Crawled caption data:
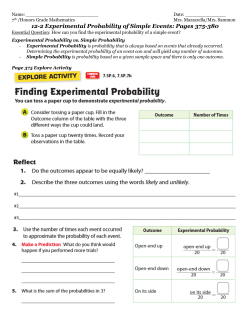Experimental Probability of
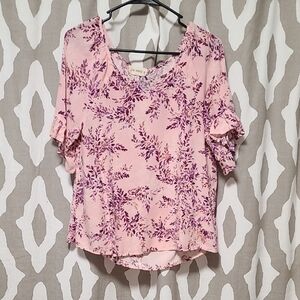 The Nines Britton Pink and Purple Floral Blouse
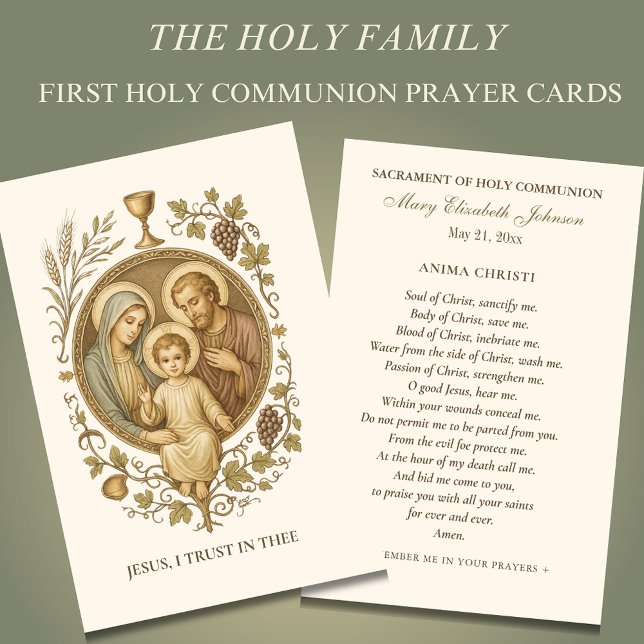 Communion Sainte Famille Souvenir Carte Sainte (Créateur téléchargé)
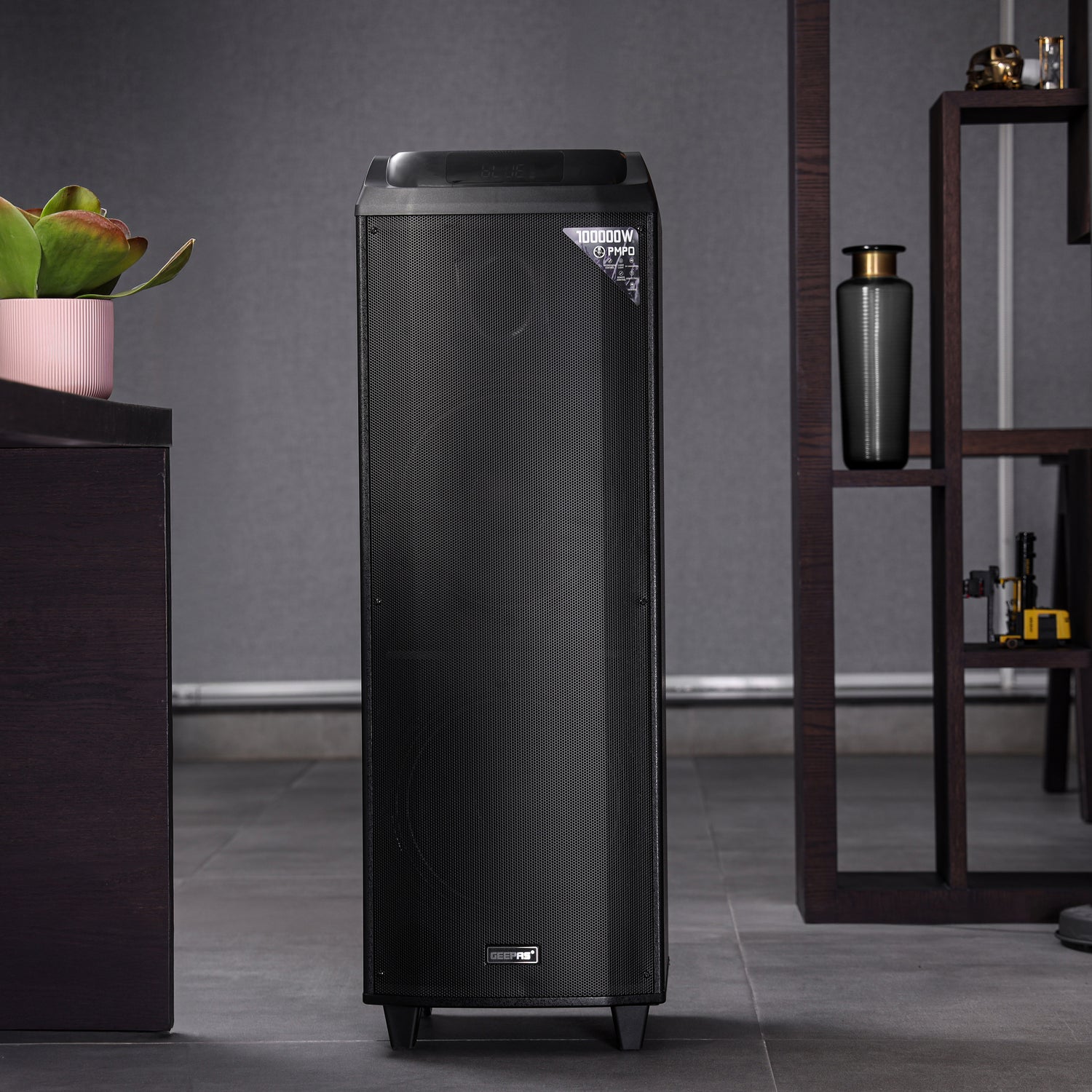 Geepas Rechargeable Professional Speaker- GMS11153/ UHF Mic, USB, TF, TWS, Bluetooth and FM Radio/ Includes Remote Control, Laser Light and LED Panel, Black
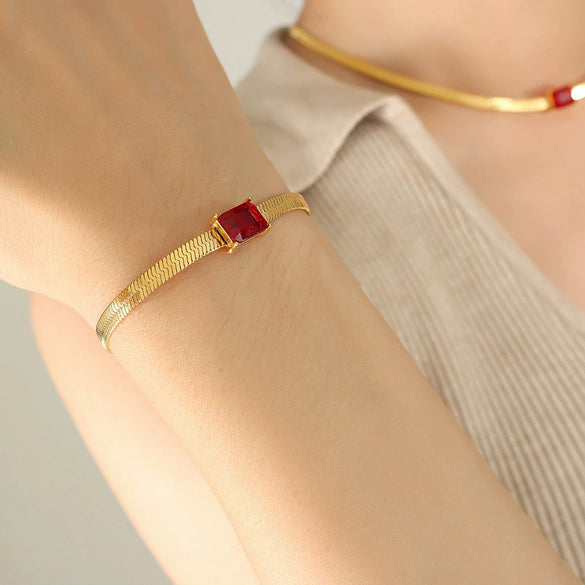 Jewelry Metal Chain Multicolor Zircon Hip Hop Retro Electroplated Bracelet And Necklace Set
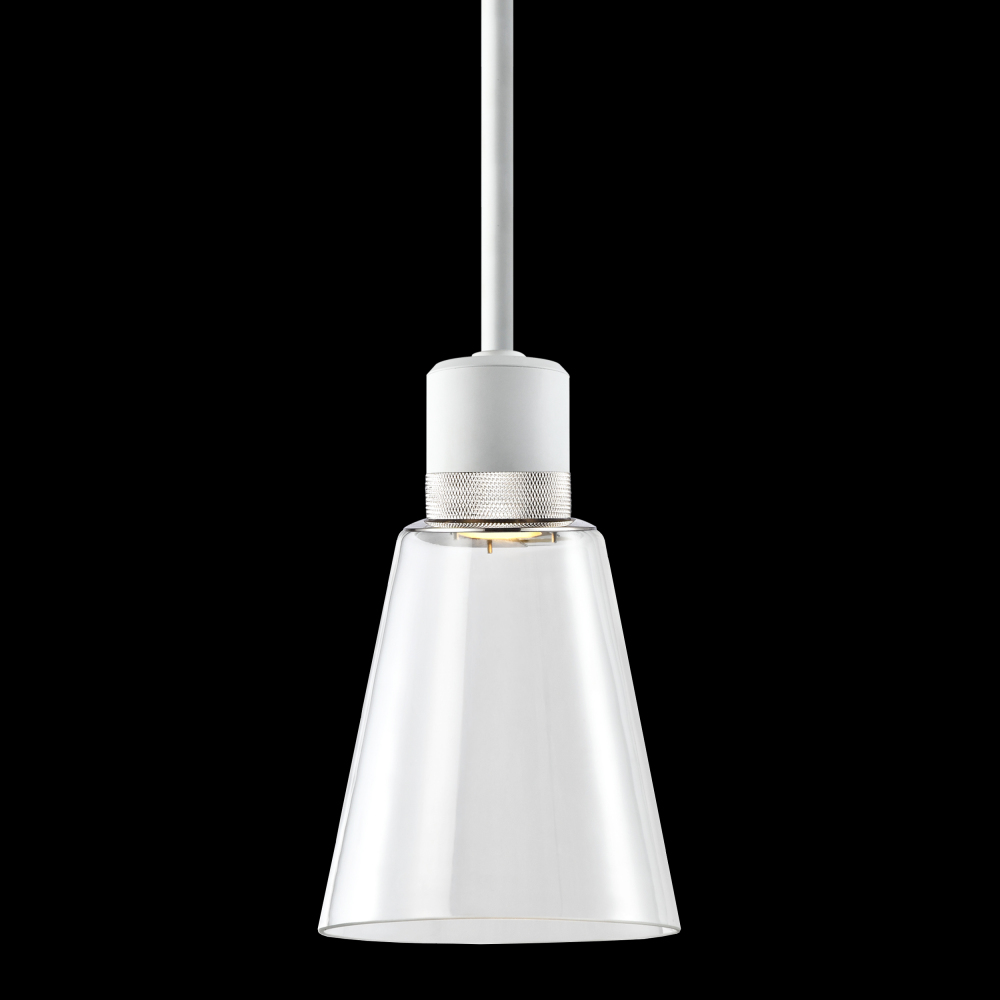 7" LED 3CCT Clear Bell Glass Pendant Light, Matte White with Nickel Metal Finish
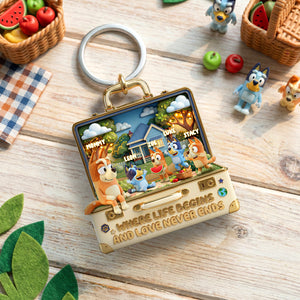 Puppy Kid And Mom Keychain - Personalized Gifts For Mother's Day Keychain 02PADH100426-Homacus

TO DO: With the images left out, set down each record exactly as it appears.

TASK ANSWER:
Experimental Probability of
 The Nines Britton Pink and Purple Floral Blouse
 Communion Sainte Famille Souvenir Carte Sainte (Créateur téléchargé)
 Geepas Rechargeable Professional Speaker- GMS11153/ UHF Mic, USB, TF, TWS, Bluetooth and FM Radio/ Includes Remote Control, Laser Light and LED Panel, Black
 Jewelry Metal Chain Multicolor Zircon Hip Hop Retro Electroplated Bracelet And Necklace Set
 7" LED 3CCT Clear Bell Glass Pendant Light, Matte White with Nickel Metal Finish
 Puppy Kid And Mom Keychain - Personalized Gifts For Mother's Day Keychain 02PADH100426-Homacus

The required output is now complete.